John: If I were to put together a list of “most-asked for ROBLOX features”, dynamic lighting would definitely be in the top three. ROBLOX’s Lead Graphics Developer, Simon Kozlov, has spent a fair amount of time researching this feature. We think we’re converging on a good strategy for adding this functionality. However, at the moment we’re focusing our graphics development effort on allowing all ROBLOX places to have 10x as many parts as they do now.

leolion113: Allow for users to find what rank someone is from an ingame script (E.g. IsInGroup (1337, “Soldier”)).

John: Expanding scripter access to our social APIs from Lua is a very high “bang for the buck” feature. This is something that is simple to implement, but gives place creators a ton of power. As groups become more central to the ROBLOX experience, features like this will become ever more important.

Anynomous: Ability to test your clothes before you buy them, without having to see someone else wears it.

John: ROBLOX Engineer, Ben Tkacheff, is currently working on extensions to the ROBLOX Lua API that will make it much easier to alter characters’ appearances in-game. This will pave the way for a “try before you buy” feature and it will also allow power users to script this for their own game.

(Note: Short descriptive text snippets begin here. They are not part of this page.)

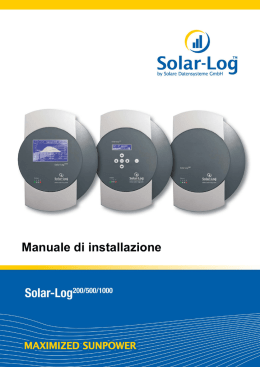 Manuale d`installazione - Tecno
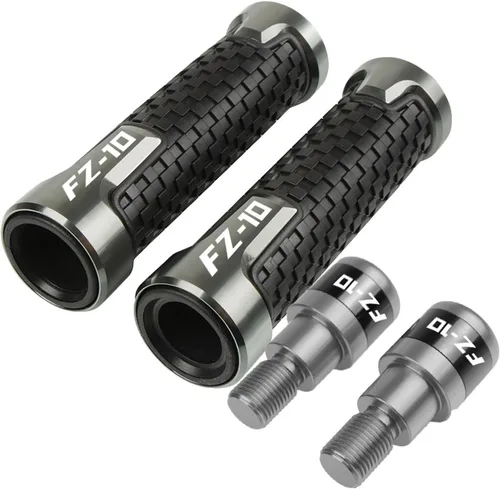 Vista 11 de Para Yamaha MT-10 FZ-10 MT10 FZ10 2016 7/8 "0.866 in Manillar Agarraderas Motocicleta CNC Manija Bar Extremos Tapa Tapones de Peso Slider (Color : 1)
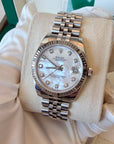 Rolex Datejust 31 Mother-Of-Pearl Diamond Dial on Jubilee 178274 Card 2015
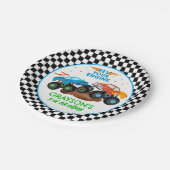 モンスタートラックバースデーパーティー紙プレート ペーパープレート (アングル)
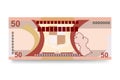 Guyanese money set bundle banknotes.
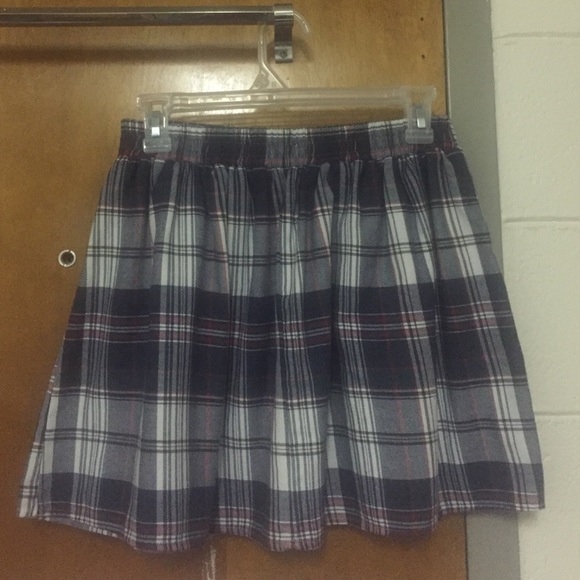 Wet Seal Plaid Skirt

toon2: I strongly encourage you at Roblox to take what Simon Kozlov did with his Hack week demo and implement it into the game in some form. Many commenters commented that they were astonished by how much better Roblox looked with his lighting, and were inspired to do new things with it. Secondly, when I saw the video thumbnail on Shedleskey’s SFOTHIV, I hoped that you would soon put it on the site for players to use. Finally, a lot of people had uploaded meshes through ROBLOX Studio into their games. Sure, they made ROBLOX seem less brick-related, but they were inventive. I personally don’t care for it too much, but I’ve noticed it to be a common interest, along with custom animations.

John: Users want better lighting. This has been one of the top three most requested features. Video thumbnails are actually available for players to use right now!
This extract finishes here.